'''

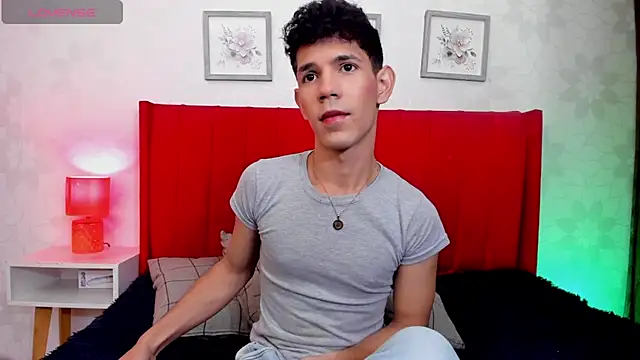 arlequiin  online show from March 2026 03:32:02 AM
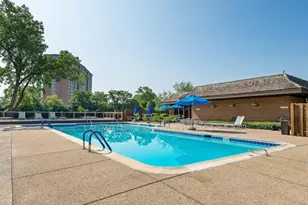 1401 Burr Oak Rd, Hinsdale, IL 60521 - Photo 34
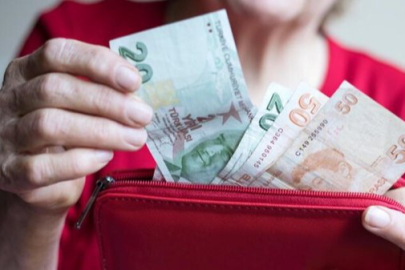 Emekliye ek zam ve memur maaşları zammı Ocak 2024’e kaldı!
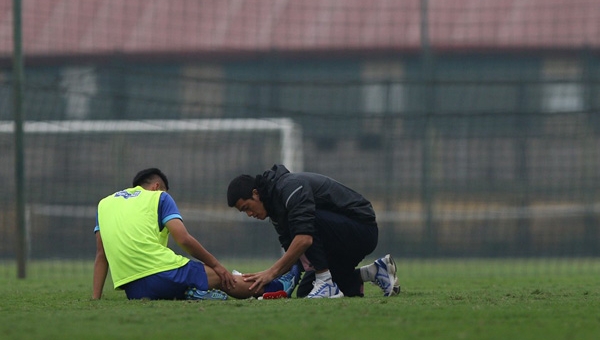 Tin bóng đá HOT chiều 11/2: U19 Việt Nam mất người trước ngày sang Trung Quốc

'''

▶ [EXERCISE BRIEF] Transcribe all data precisely. Pictures are not copied.

▶ [RESPONSE]
 arlequiin  online show from March 2026 03:32:02 AM
 1401 Burr Oak Rd, Hinsdale, IL 60521 - Photo 34
 Emekliye ek zam ve memur maaşları zammı Ocak 2024’e kaldı!
 Tin bóng đá HOT chiều 11/2: U19 Việt Nam mất người trước ngày sang Trung Quốc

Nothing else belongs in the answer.